Measure the outputs instead of the internal design. For example, a rocket may be based on wonderful and clever theory, but the ultimate test is its ability to hit the target with given/expected resources (such as fuel).
Use a variety of metrics if possible. For example, if you are measuring "car safety", use a variety of speeds and angles of crash tests if possible, not just say a front-on crash test at 30 mph. Similarly, if you are measuring code volume, "lines" may not be sufficient because it is easy to "game" (WaterbedTheory). Thus, number of tokens, number of statements, number of blocks, numbers of named blocks (functions and methods), number of characters, number of contiguous segments, etc. can be used.

Note there are metrics not in this list that may still be important. However, they may be resistant to scientific analysis. (See SovietShoeFactoryPrinciple.)

Some people believe that Top's little summary is wrong.

Qualitative metrics are a significant part of science - if you need numbers, use 0 and 1. Metrics should be defined, of course - and formally so.

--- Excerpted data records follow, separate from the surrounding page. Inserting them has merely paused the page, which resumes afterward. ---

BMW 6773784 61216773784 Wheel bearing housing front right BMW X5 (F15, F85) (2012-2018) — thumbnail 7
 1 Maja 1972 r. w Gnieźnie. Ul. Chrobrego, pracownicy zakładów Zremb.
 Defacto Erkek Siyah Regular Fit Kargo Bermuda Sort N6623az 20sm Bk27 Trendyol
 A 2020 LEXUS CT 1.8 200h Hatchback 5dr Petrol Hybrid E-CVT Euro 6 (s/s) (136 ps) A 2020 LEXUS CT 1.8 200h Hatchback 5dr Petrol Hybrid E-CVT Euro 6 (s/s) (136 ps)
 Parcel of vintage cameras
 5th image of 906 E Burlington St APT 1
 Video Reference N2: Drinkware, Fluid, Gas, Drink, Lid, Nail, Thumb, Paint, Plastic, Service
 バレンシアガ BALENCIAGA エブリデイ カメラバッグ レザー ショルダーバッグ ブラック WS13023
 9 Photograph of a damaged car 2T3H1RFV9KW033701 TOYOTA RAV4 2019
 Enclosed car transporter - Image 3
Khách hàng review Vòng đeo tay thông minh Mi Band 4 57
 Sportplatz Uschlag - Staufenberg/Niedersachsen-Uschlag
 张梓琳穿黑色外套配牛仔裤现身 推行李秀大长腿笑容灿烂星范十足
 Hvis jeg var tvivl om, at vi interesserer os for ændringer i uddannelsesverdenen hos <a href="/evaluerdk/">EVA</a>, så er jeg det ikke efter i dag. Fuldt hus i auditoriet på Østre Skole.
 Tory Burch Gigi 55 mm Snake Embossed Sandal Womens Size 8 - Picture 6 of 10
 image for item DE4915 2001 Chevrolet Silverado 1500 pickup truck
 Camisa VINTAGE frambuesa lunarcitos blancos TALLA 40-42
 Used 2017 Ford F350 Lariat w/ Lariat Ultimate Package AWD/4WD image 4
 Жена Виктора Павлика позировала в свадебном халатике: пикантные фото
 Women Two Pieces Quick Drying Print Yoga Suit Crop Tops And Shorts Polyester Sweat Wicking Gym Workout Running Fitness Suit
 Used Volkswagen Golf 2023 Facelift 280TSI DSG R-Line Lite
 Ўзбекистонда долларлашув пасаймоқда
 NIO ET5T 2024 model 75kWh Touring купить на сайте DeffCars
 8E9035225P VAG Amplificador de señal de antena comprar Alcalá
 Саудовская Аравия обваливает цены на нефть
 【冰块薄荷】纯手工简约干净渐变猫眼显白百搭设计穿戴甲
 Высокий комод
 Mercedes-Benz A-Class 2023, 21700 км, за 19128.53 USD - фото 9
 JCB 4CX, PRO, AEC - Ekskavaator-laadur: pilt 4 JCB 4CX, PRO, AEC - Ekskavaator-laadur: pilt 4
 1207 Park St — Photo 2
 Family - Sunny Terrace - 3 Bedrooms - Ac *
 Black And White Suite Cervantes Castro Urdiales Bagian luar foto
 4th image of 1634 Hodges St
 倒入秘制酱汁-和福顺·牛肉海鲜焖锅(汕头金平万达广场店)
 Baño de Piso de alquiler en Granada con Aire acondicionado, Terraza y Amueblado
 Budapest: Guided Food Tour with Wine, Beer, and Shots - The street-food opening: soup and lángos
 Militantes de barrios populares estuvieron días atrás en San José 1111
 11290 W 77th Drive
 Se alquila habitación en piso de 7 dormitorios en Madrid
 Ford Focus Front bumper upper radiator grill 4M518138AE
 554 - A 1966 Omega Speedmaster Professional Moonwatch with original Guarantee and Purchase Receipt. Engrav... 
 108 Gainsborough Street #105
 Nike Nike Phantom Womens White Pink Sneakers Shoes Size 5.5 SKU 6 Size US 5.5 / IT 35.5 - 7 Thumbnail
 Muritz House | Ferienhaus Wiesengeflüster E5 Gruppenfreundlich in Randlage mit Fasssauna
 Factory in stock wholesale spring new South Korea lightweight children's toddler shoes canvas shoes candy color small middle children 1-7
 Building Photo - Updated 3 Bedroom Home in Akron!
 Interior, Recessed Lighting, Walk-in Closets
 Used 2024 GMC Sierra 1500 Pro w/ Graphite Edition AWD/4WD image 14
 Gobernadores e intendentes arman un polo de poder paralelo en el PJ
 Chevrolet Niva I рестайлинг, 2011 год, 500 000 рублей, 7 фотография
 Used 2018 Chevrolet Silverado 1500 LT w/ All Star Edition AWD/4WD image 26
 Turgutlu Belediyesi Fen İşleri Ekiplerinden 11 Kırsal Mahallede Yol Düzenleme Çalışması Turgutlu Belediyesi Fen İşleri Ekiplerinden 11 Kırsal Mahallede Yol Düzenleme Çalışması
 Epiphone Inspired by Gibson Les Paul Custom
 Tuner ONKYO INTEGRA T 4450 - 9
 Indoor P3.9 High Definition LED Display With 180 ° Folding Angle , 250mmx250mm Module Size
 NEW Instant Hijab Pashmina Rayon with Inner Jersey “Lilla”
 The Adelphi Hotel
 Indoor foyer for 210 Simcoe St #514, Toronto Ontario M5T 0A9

Finally, internal design is extremely important in science - indeed, figuring out how the internal design produces the outputs, and how to predict new outputs for new internal designs, is much of what science is about. TopMind may be confusing science and engineering. Engineering takes what science has already proven and creates an internal design with the goal of obtaining a particular output. Pure science never cares about obtaining a particular output (albeit, science is rarely pure). Besides, even in engineering, supposing one is comparing two systems that achieve the same ends, what matters in any comparison are the other properties each solution achieves over the other - relative expense, performance, safeties, adaptability to other missions, etc. It is quite possible for, of two systems that achieve the same goal, for one to objectively and measurably be a better solution than the other.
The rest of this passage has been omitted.